Thursday, December 9, 2010

Literature


I picked this up on the same hit-or-miss trip to the library as Practically Perfect (I really liked the cover. Also the mention of monsters). I hesitated because as we all know I am lazy, and the description struck me as Literature. No apparent easy romance. Possible effort in reading. All of these things turned out to be true, but I am Improving Myself.

Willie Upton returns home to the mythical town of Templeton, NY after she has a disastrous affair with her PhD supervisor. The day she returns home, the corpse of a huge monster surfaces in the lake. Willie's aging hippie-turned-Baptist mother informs her that she's lied about the identity of Willie's father all her life. It's a man in town, though she refuses to tell Willie who, and Willie puts her researching skills to work discovering who it is, reading through the history of her family for generations. Alternating between Willie's narrative are excepts from the diaries and correspondence of her ancestors, complete with photographs. The PoMo relationship between fiction, reality, truth, and narrative are here in full force* as Willie sifts through the layers of her and the town's history. Willie is a passionate and dynamic character, and there's the definite sense that life is messy and that's the way it should be. 

The Monsters of Templeton rocked my world. It is being added to the short list of books that have overwhelmed me with awesome and made me want to cry even when they weren't sad.
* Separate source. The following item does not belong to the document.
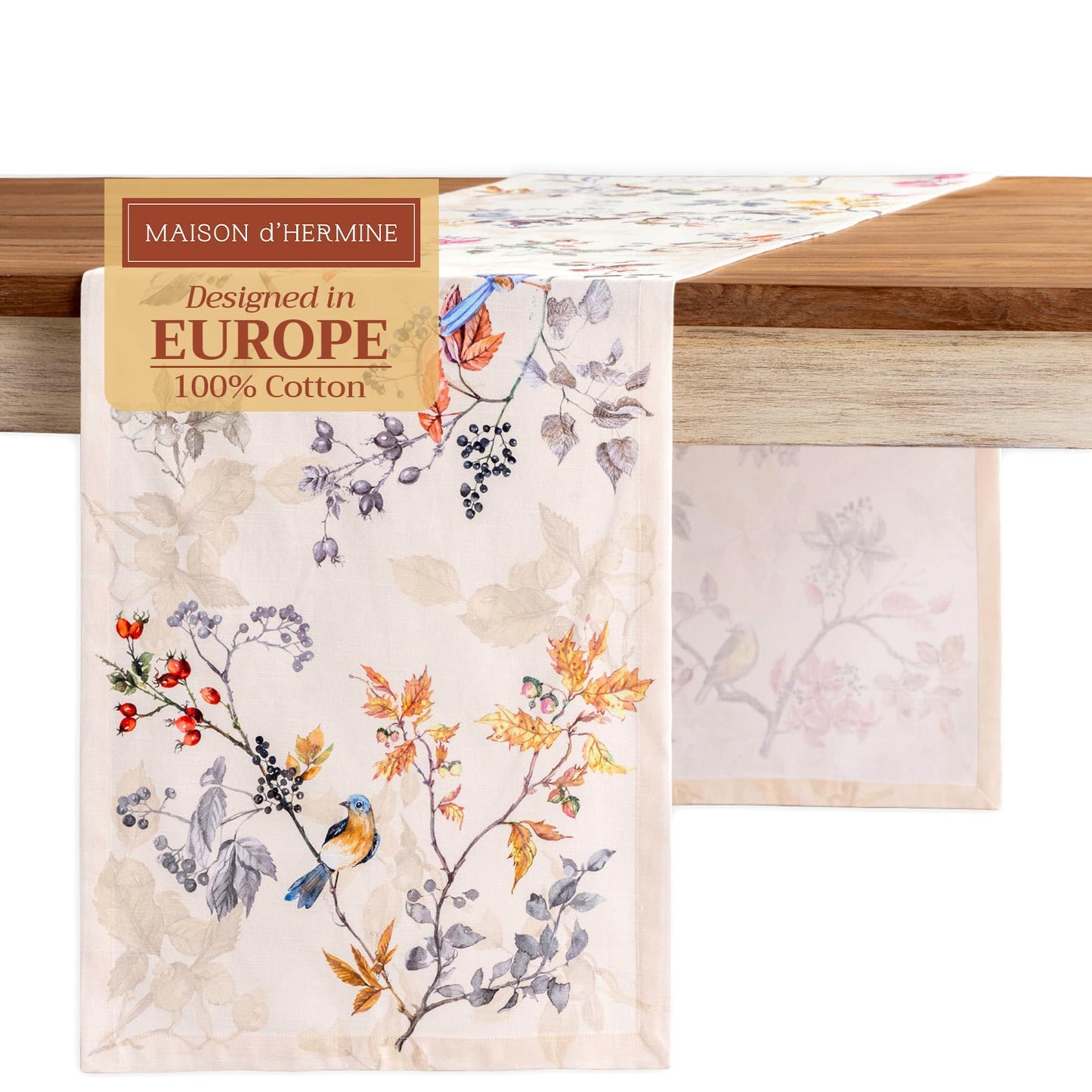 Table Runner 100% Cotton Single Layer Table Runners 108 inches Long for Thanksgiving Christmas Decorations Home Kitchen Dining Party Wedding (Equinoxe - Beige, 14.5" x 108")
If I hadn't already finished most of my Christmas shopping, this is what most people would be getting. 

Grade: A++

...And I am now officially caught up with the books I have read this month.

*Reminds me of my lone German lit class at Reed, with Ülker Gökberk, where we read W.G. Sebald's** The Emigrants and I struggled in vain to understand German way beyond my level and Post Modern German ideas.

**Any time I think of this author, which is surprisingly often based on my (lack of) comprehension of his book, I think his name in Ülker's crazy academic German: Vey-Gay ZAY-bald.